- [SUPPLIED DATA]:
___

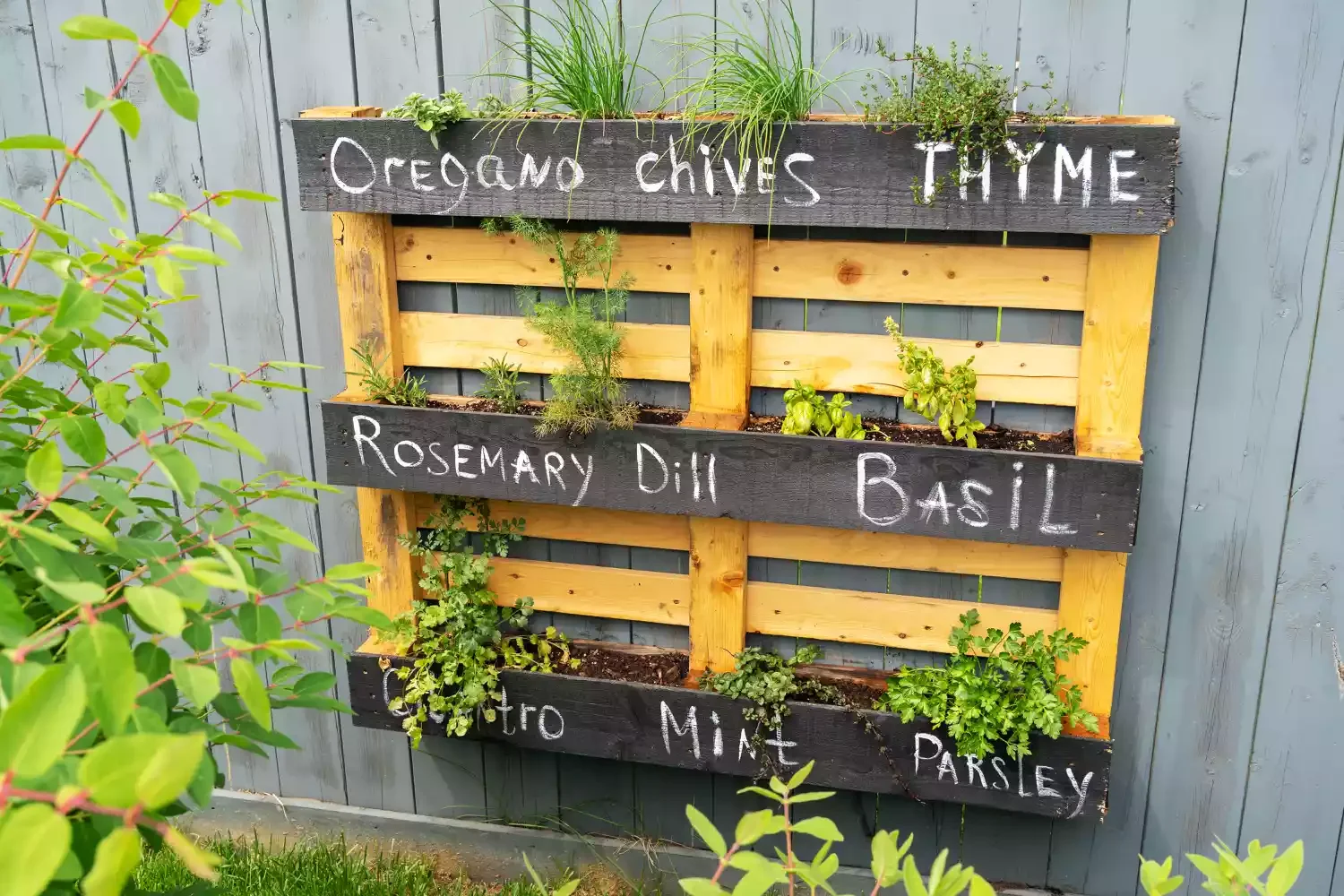 37 Creative Herb Garden Ideas to Transform Your Indoor and Outdoor Spaces Turn a Wood Pallet Into a Garden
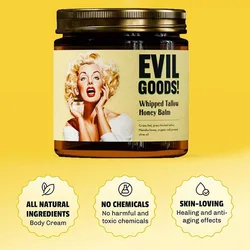 120g Beef Tallow And Honey Balm Moisturizing Whipped Beef Tallow Face Cream Body Lotion Grass Fed Grass Finished Face Cream Care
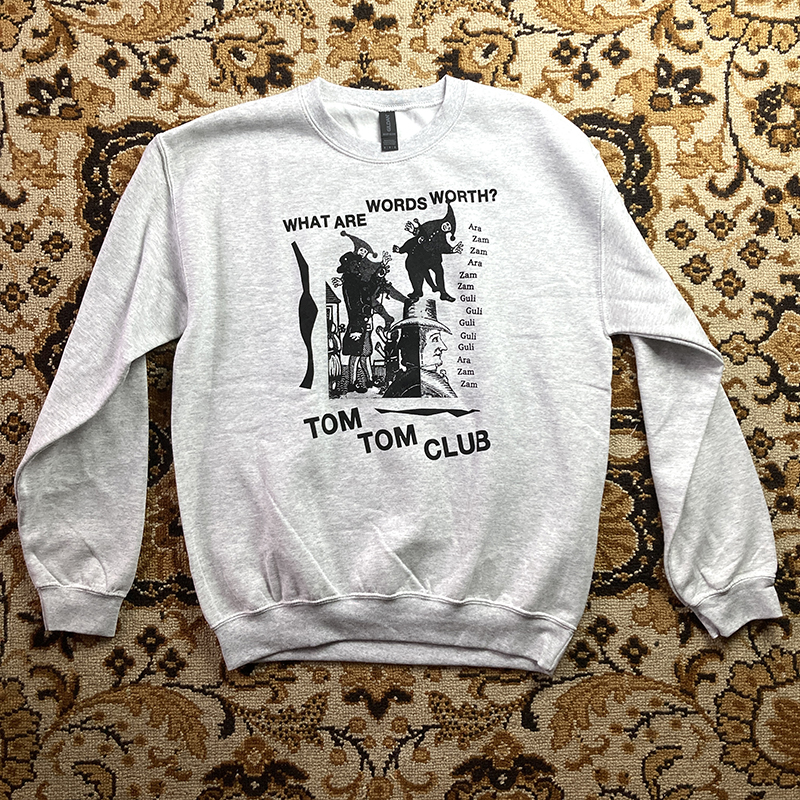 Front view of the tearjerker screen printed DIY sweatshirt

___

- [WHAT IS BEING ASKED]:
Retype each line of the listing above word for word. Exclude the pictures.

- [ANSWER SECTION]:
 37 Creative Herb Garden Ideas to Transform Your Indoor and Outdoor Spaces Turn a Wood Pallet Into a Garden
 120g Beef Tallow And Honey Balm Moisturizing Whipped Beef Tallow Face Cream Body Lotion Grass Fed Grass Finished Face Cream Care
 Front view of the tearjerker screen printed DIY sweatshirt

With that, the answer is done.